Is there real evidence, beyond hype, that agentic coding produces net-positive results? If any of you have actually got it to work, could you share (in detail) how you did it?

By "getting it to work" I mean: * creating more value than technical debt, and * producing code that’s structurally sound enough for someone responsible for the architecture to sign off on.

Lately I’ve seen a push toward minimal or nonexistent code review, with the claim that we should move from “validating architecture” to “validating behavior.” In practice, this seems to mean: don’t look at the code; if tests and CI pass, ship it. I can’t see how this holds up long-term. My expectation is that you end up with "spaghetti" code that works on the happy path but accumulates subtle, hard-to-debug failures over time.

When I tried using Codex on my existing codebases, with or without guardrails, half of my time went into fixing the subtle mistakes it made or the duplication it introduced.

Last weekend I tried building an iOS app for pet feeding reminders from scratch.
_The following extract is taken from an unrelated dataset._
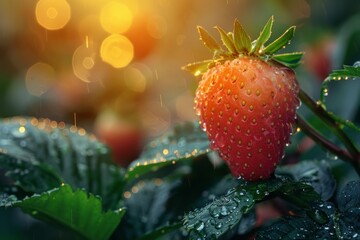 A close-up of a ripe strawberry with water droplets glistening in the warm sunlight among leaves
I instructed Codex to research and propose an architectural blueprint for SwiftUI first. Then, I worked with it to write a spec describing what should be implemented and how.
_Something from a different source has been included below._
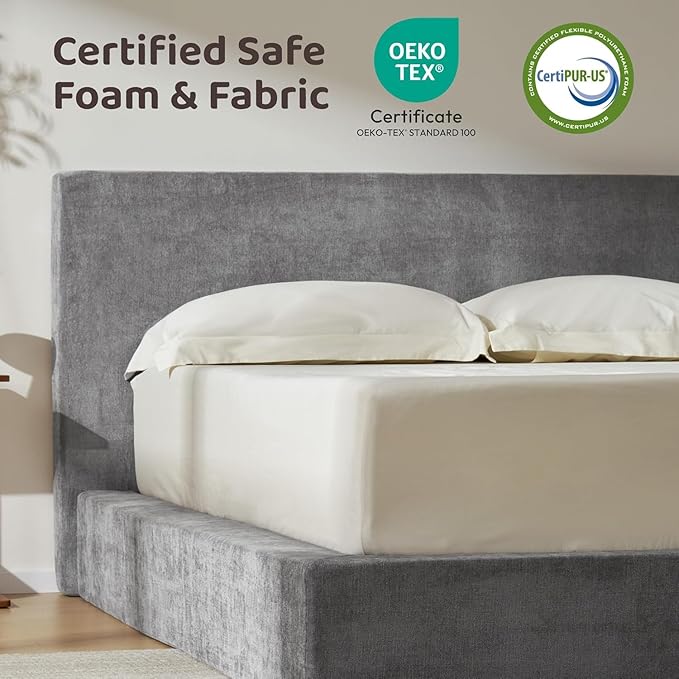 RECCI AirFrame Full Size Bed Frame with Headboard, Cloud Upholstered Platform Bed Frame, 5 Inch Foam Cushioned, No Box Spring, Easy Assembly (Moon Grey)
The first implementation pass was surprisingly good, although it had a number of bugs. Things went downhill fast, however. I spent the rest of my weekend getting Codex to make things work, fix bugs without introducing new ones, and research best practices instead of making stuff up. Although I made it record new guidelines and guardrails as I found them, things didn't improve. In the end I just gave up.

I personally can't accept shipping unreviewed code. It feels wrong. The product has to work, but the code must also be high-quality.

Comments

damnitbuilds•1h ago
You are asking two very different questions here.
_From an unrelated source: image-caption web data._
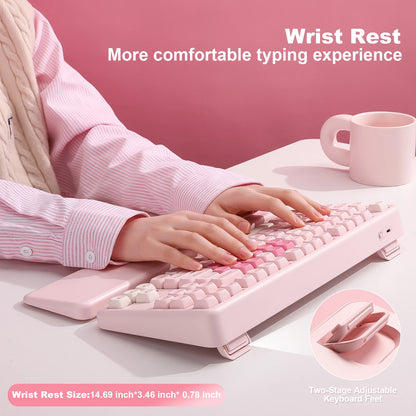 YUNZII B87 Pink Mechanical Gaming Keyboard, QMK/VIA Custom Gasket RGB Keyboard, Wireless Aesthetic Keeb, Wrist Rest for Win/Mac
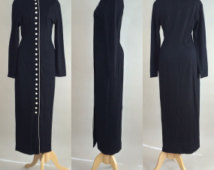 80s Wool Dress / Vintage 1980s Dress / 80s Vintage Black Dress / Vintage Dress / Black Wool Dress / Vintage Long Black Cheongsam
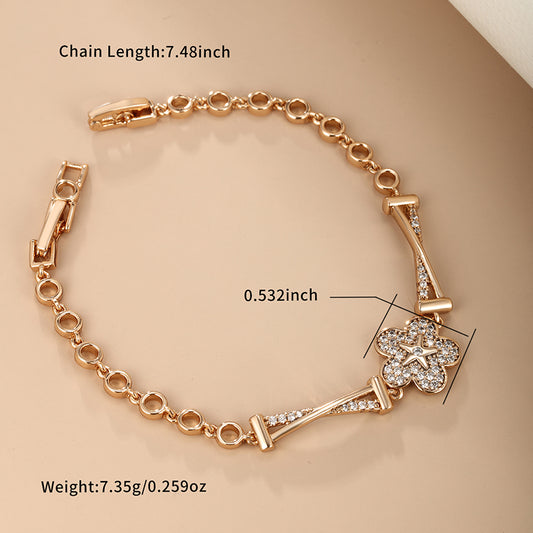 Xuping Sweet Simple Style Flower 18k Gold Plated Artificial Diamond Alloy Wholesale Bracelets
i.e. You are asking a question about whether using agents to write code is net-positive, and then you go on about not reviewing the code agents produce.

I suspect agents are often net-positive AND one has to be review their code. Just like most people's code.

proc0•22m ago
My experience is the same. In short, agents cannot plan ahead, or plan at a high level. This means they have a blindspot for design. Since they cannot design properly, it limits the kind of projects that are viable to smaller scopes (not sure exactly how small but in my experience, extremely small and simple). Anything that exceeds this abstract threshold has a good chance of being a net negative, with most of the code being unmantainable, unextensible, and unreliable.

Anyone who claims AI is great is not building a large or complex enough app, and when it works for their small project, they extrapolate to all possibilities. So because their example was generated from a prompt, it's incorrectly assumed that any prompt will also work. That doesn't necessarily follow.

The reality is that programming is widely underestimated. The perception is that it's just syntax on a text file, but it's really more like a giant abstract machine with moving parts. If you don't see the giant machine with moving parts, chances are you are not going to build good software. For AI to do this, it would require strong reasoning capabilities, that lets it derive logical structures, along with long term planning and simulation of this abstract machine. I predict that if AI can do this then it will be able to do every single other job, including physical jobs as it would be able to reason within a robotic body in the physical world.

To summarize, people are underestimating programming, using their simple projects to incorrectly extrapolate to any possible prompt, and missing the hard part of programming which involves building abstract machines that work on first principles and mathematical logic.